The unease that Mundy gradually feels through the first part of the book begins to take on a deeper, more tangible form when one night he accompanies some of the staff of the Academy across the river to meet some of the more openly insurgent factions and is told, secretly, that his predecessor, formally believed to have committed suicide, was murdered.

Mundy feels the hostility of this strange landscape, with its crumbling buildings and derelict ships, the treacherous currents of the river and the suggestion of the supernatural. City born and bred, he feels more than ever out of his depth in a region that has a subtle beauty about it, but where an undercurrent of deep-seated power is stirring. Even at this stage in the novel, the storm that is building meteorologically can be sensed, gathering far away, but inevitably coming.

After a gradual build-up, the book abruptly plunges Mundy into a sequence of action where he is being pursued by a gang of men, clearly intent on harming him. His flight back to Petra across the river, with its intimation of “blood on the water” and his stumbling across strange carvings on the doors of some of the houses, add to his rising fears. He is cornered, weaponless against cold-blooded opponents.

At this stage of the novel, it is not clear to the reader whether the potential supernatural elements of the novel are to be realised. The superstition of the local people, specifically encapsulated in the terror of the caretaker, Skellbow, links to a secret past in and around Petra, whose dark secrets pulse with the increasing threat of menace.

To me the “Scariest Part” is this scene of terrified flight, which captures not only form the platform for a journey for Mundy into an even darker region, but starts the unravelling of the nature of the true powers that are work in his disturbing world.

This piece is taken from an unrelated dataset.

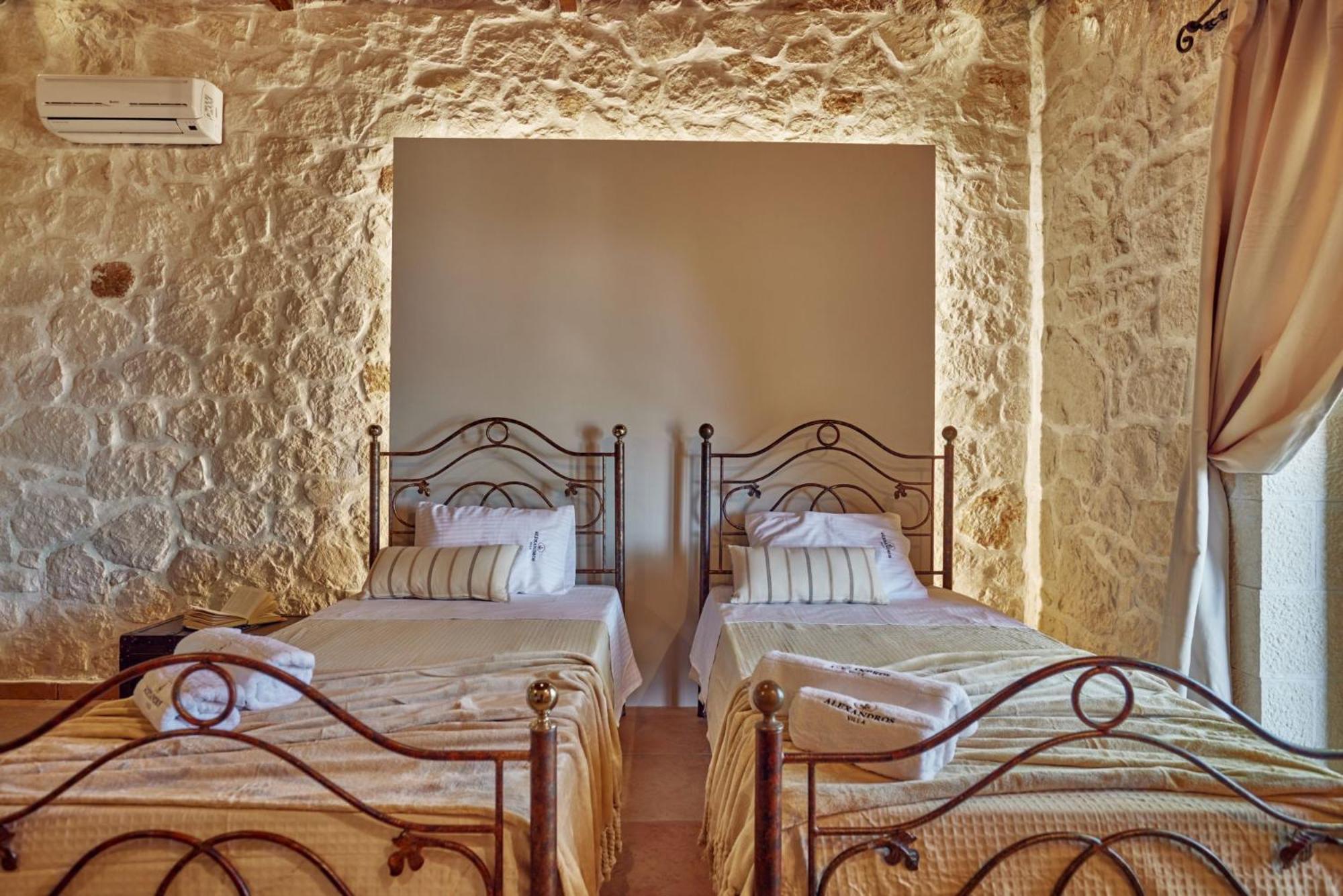 Alexandros Stone Villa آغيوس نيكولاوس المظهر الخارجي الصورة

Adrian Cole: Website / Goodreads

The Shadow Academy: Amazon / Goodreads / EDGE

Adrian Cole was born in Plymouth, Devonshire in 1949. He is currently the Director of College Resources in a large secondary school in Bideford, where he now lives with his wife Judy, son Sam, and daughter Katia. He remains best known for his Dream Lords trilogy as well as his young adult novels, Moorstones and The Sleep of Giants.